[Start of section]
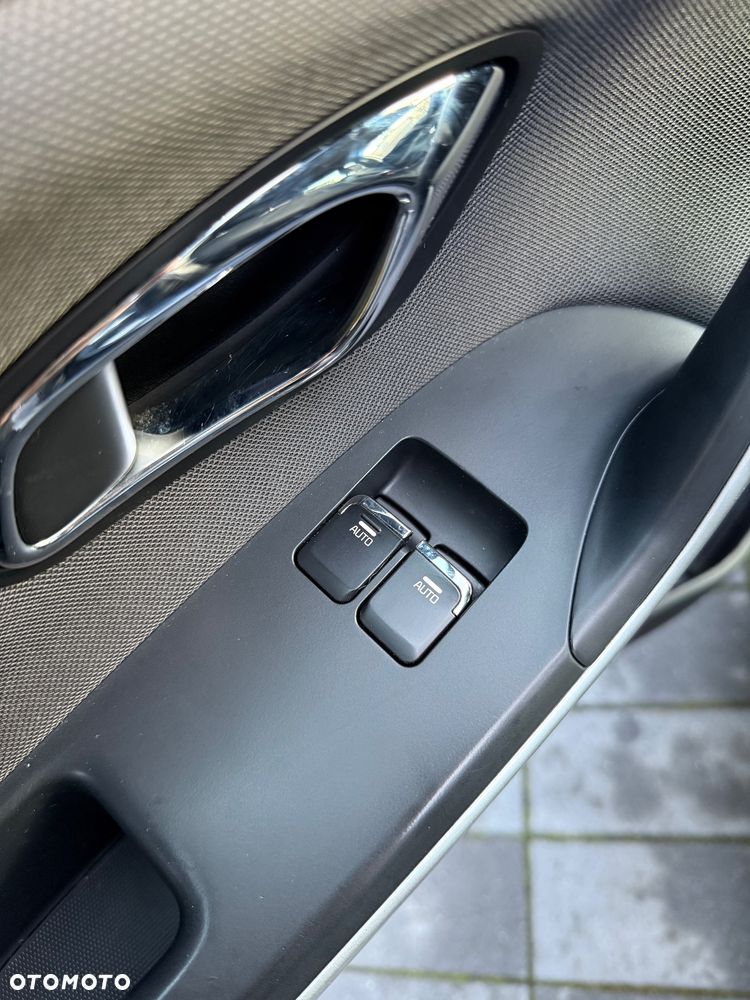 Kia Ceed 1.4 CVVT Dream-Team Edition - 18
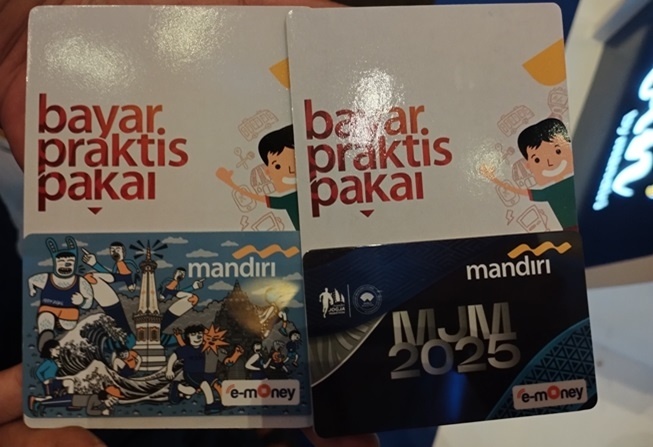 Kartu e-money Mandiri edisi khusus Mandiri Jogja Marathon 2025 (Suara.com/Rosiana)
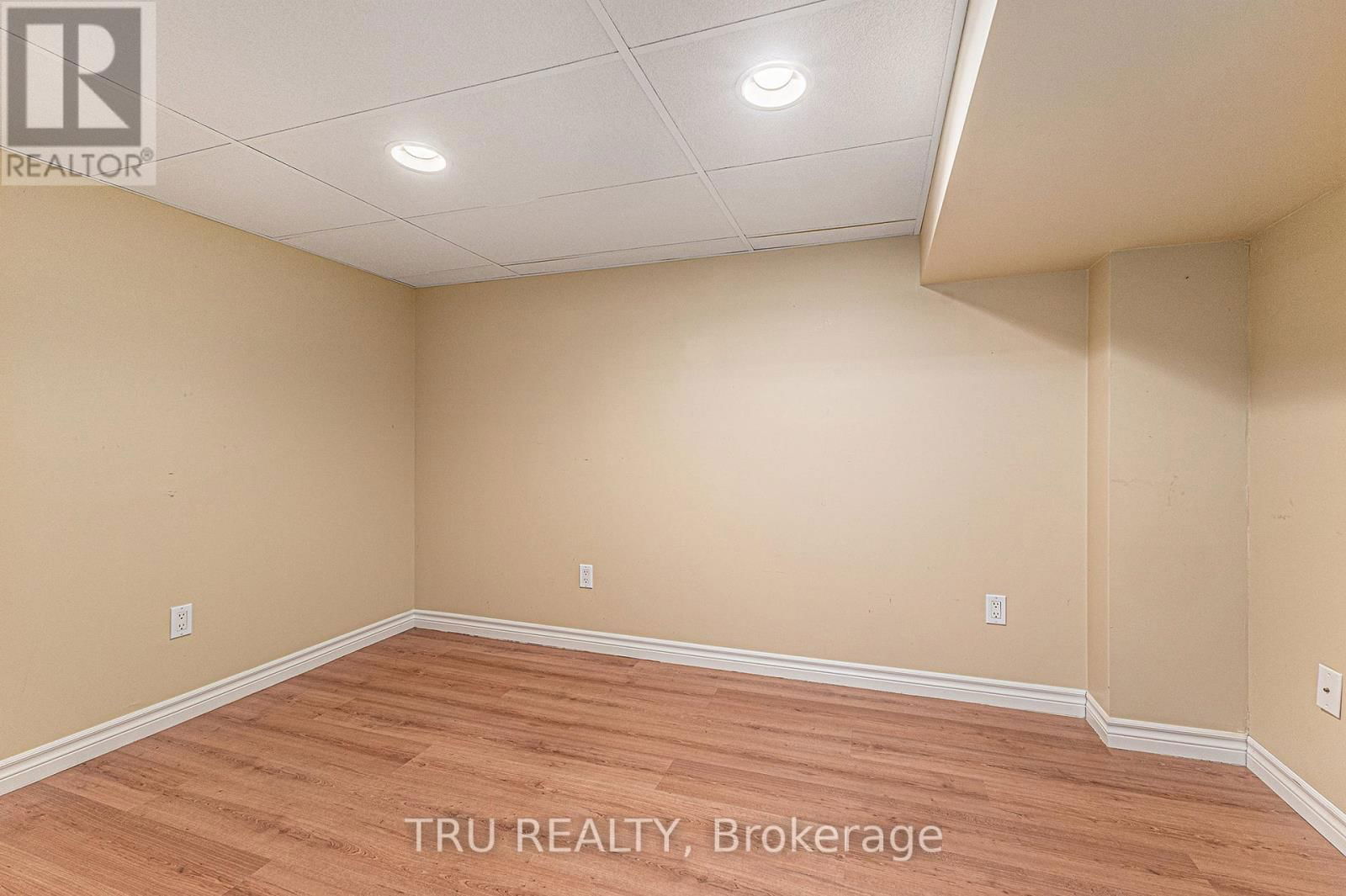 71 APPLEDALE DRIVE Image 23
[End of section]
__What to work on__
Your task is to copy word for word the lines from the line containing "Kartu e-money Mandiri" to the end of the listing, both included, and to drop any pictures.

__Response to the task__
 Kartu e-money Mandiri edisi khusus Mandiri Jogja Marathon 2025 (Suara.com/Rosiana)
 71 APPLEDALE DRIVE Image 23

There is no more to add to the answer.